The NSW National Parks and Wildlife Service is now working with the Menindee Aboriginal Elders Council to protect the age old Aboriginal heritage of the region.
Kinchega National Park covers an area of 44,000 hectares and is bordered by the Darling River and the beautiful Menindee Lakes The whole area is full of trees - river red gums, coolabah and black box.
When the lakes are full, the area is an inland oasis for birds and wildlife. Birds flock to the area all year round to breed in the extensive rookeries. Big red kangaroo and emus can be easily seen in their native habitat.
Kinchega is a long drive from everywhere, but is so worth the visit. It's a pristine environment and (when there is water in the lakes) is a bit of a mecca for birdwatchers, photographers, 4WD'ers, and those who love fishing and camping. Park visitors can enjoy fishing, swimming and boating or visit Aboriginal cultural sites.
Get yourself a map, go exploring and stay for a night or 2. A visit to Kinchega National Park and it's beautifully preserved woolshed is a trip you simply must do.
Kinchega National Park, Menindee. Approximately 110kms from Broken Hill
Vehicle entry fee: $8 per vehicle per day.
Menindee is located 1106kms north west of Sydney, 630kms from Adelaide and 800kms from Melbourne.
The 110kms road from Broken Hill is sealed. The road from Menindee to Kinchega is dirt, but easily driveable by non-4WDs.

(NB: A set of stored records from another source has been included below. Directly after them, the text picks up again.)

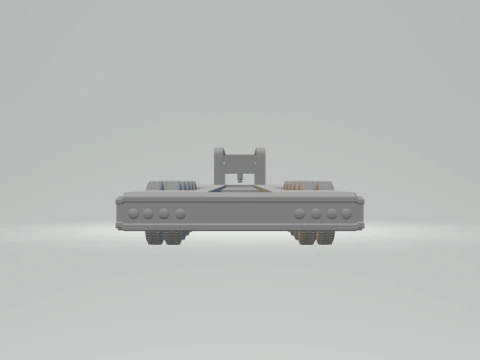 Trailer transport large br 3D Print Model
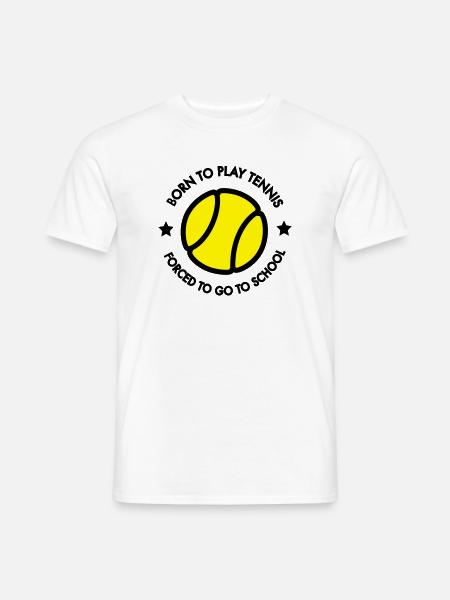 Tennis Kid - T-shirt homme - blanc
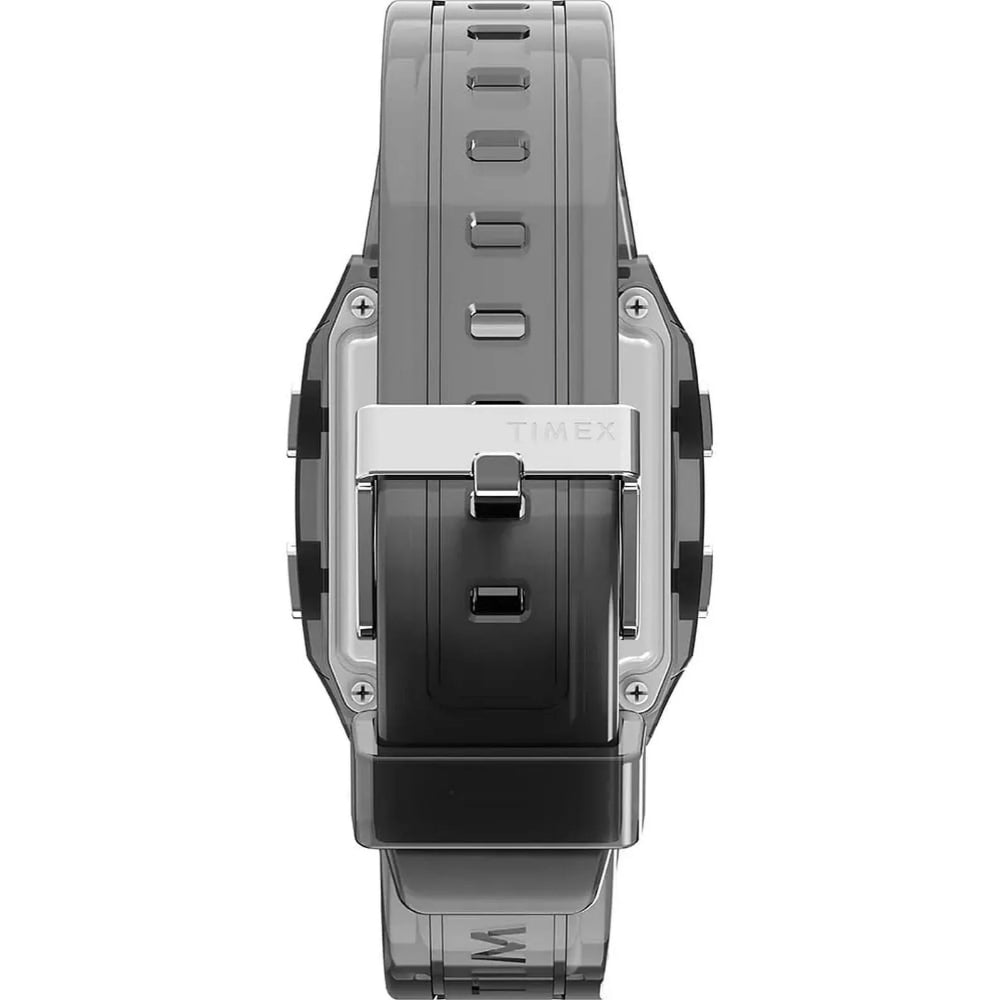 Timex Q Men's Quartz Watch with Display Dial - TMX-0010
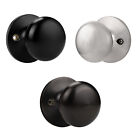 entry door knobs bronze - Probrico Entry/Privacy/Passage/Dummy Set Round Door Knobs Adjustment Backset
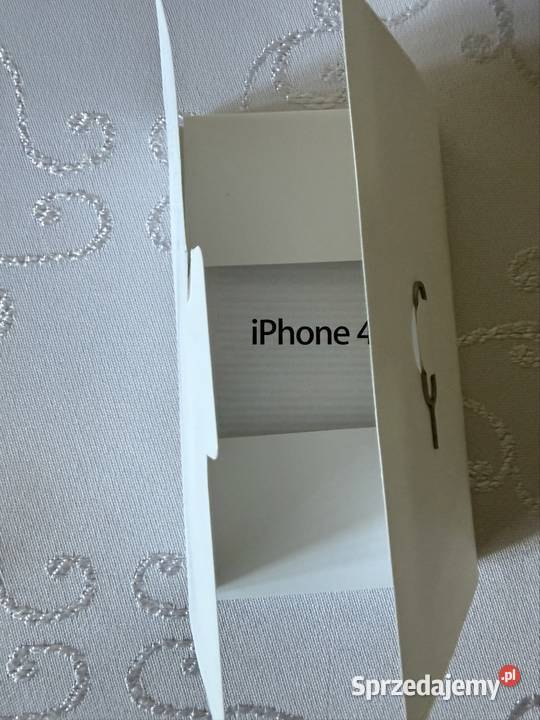 Apple iPhone 4 Oryginalne Pudełko Box Instrukcja Czerwionka-Leszczyny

There is basic shearers quarters accommodation available within the park, as well as camping sites.
I stayed at Burke and Wills Motel in Menindee and can highly recommend it - clean, comfortable and air conditioned.
Just found this article. Quite an eerie place.
I was recommended to visit by friends who had camped there.
While I was in Broken Hill I said to locals we were going there, but many had never heard of it, let alone been there.
This area is quite ecologically vulnerable with the Menindee lakes at very low levels.
Thanks for your images.
It is hard to believe so many people were out there in the middle of nowhere.
Amazing photography and good story - you've brought back heaps of good memories! I camped in this woolshed many years ago helping some friends doing kangaroo research. Menindee is a magic place that every Ozzie should visit!